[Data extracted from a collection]
****************

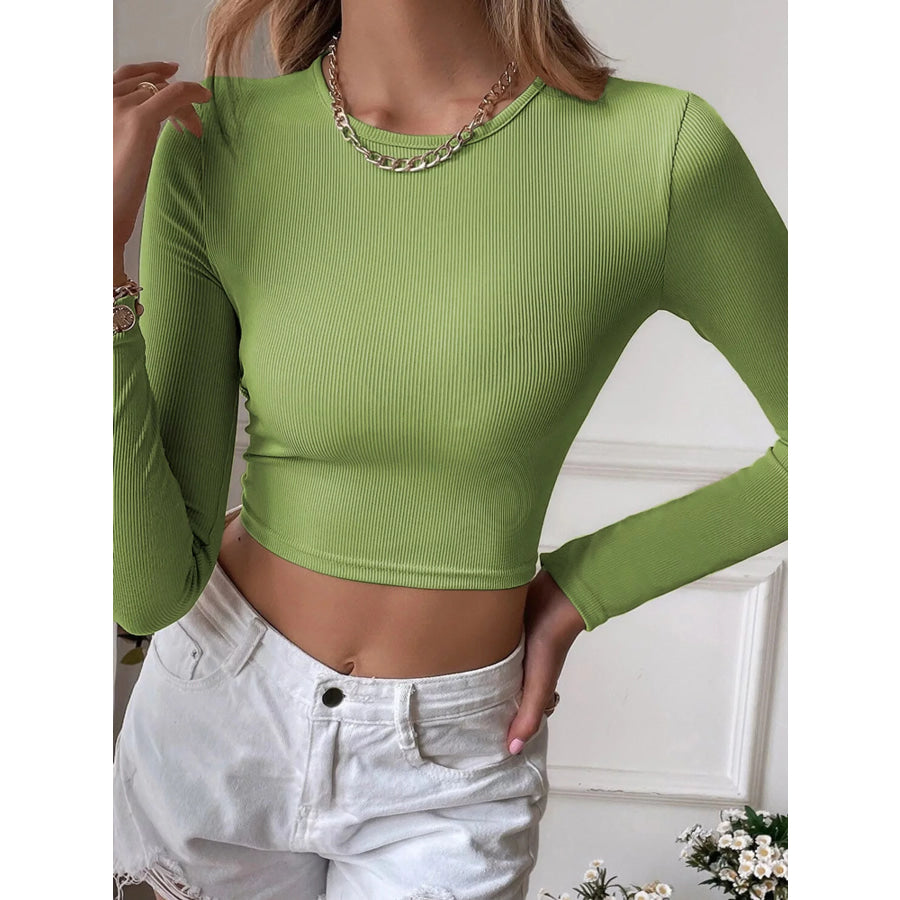 Cutout Back Long Sleeve Crop T-Shirt Apparel and Accessories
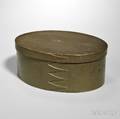 Shaker Olive Greenpainted Oval Covered Box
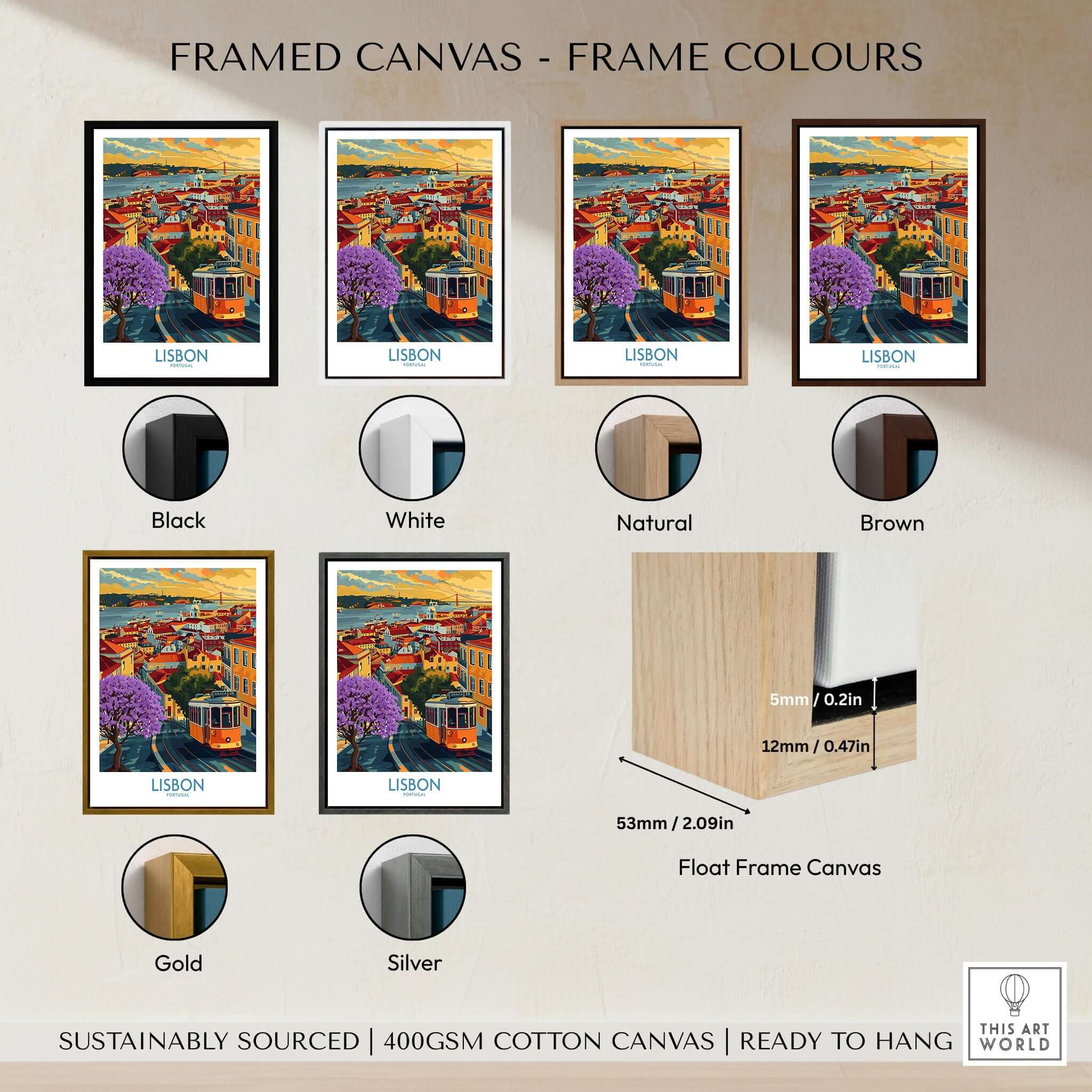 Lisbon Art Print framed canvas options showing various frame colors including black, white, natural, brown, gold, and silver.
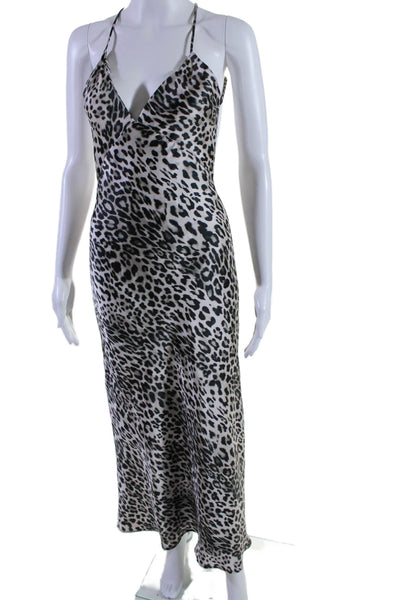 Zara Womens Animal Print Strappy Tied Sleeveless V-Neck Slip Dress White Size S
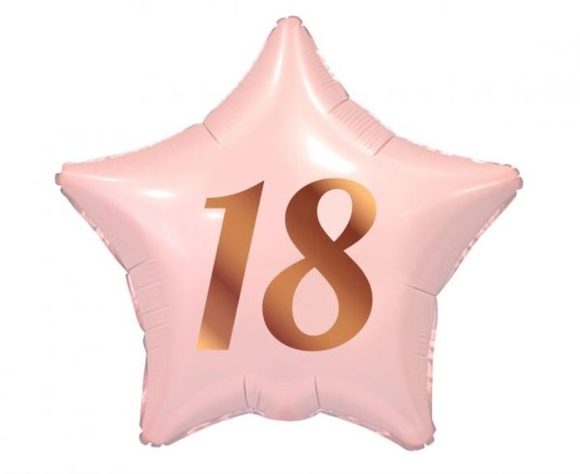 Balón foliový 18. narozeniny - pastelová růžová hvězda 44cm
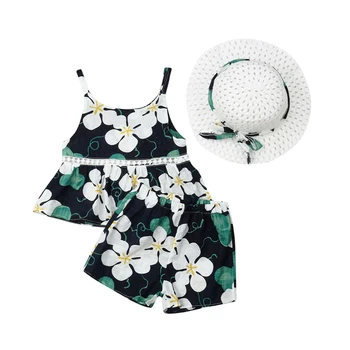 

3Pcs Cute Baby Kids Girl Clothes Summer Outfit Toddler Dress Top Pants Shorts Hat Baby Clothes Set Infant Clothing Girl Costume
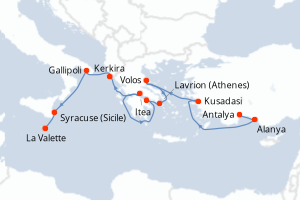 Itinéraire croisière Ponant au départ de Antalya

****************

**Exercise requirements**:
Would you set down only the lines above from the line with "Shaker Olive Greenpainted Oval Covered Box" to the line with "Balón foliový 18.", both included, exactly as they stand and without the pictures?

**Response to the task**:
 Shaker Olive Greenpainted Oval Covered Box
 Lisbon Art Print framed canvas options showing various frame colors including black, white, natural, brown, gold, and silver.
 Zara Womens Animal Print Strappy Tied Sleeveless V-Neck Slip Dress White Size S
 Balón foliový 18. narozeniny - pastelová růžová hvězda 44cm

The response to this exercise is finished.